## EXERCISE PROMPT
Your job is to transcribe the material exactly, every line included.

===== DATA SECTION =====

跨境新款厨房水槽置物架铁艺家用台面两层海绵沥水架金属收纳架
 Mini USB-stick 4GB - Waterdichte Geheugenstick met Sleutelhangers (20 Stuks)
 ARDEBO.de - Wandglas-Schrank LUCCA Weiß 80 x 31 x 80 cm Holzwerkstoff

=====

## WRITTEN REPLY
跨境新款厨房水槽置物架铁艺家用台面两层海绵沥水架金属收纳架
 Mini USB-stick 4GB - Waterdichte Geheugenstick met Sleutelhangers (20 Stuks)
 ARDEBO.de - Wandglas-Schrank LUCCA Weiß 80 x 31 x 80 cm Holzwerkstoff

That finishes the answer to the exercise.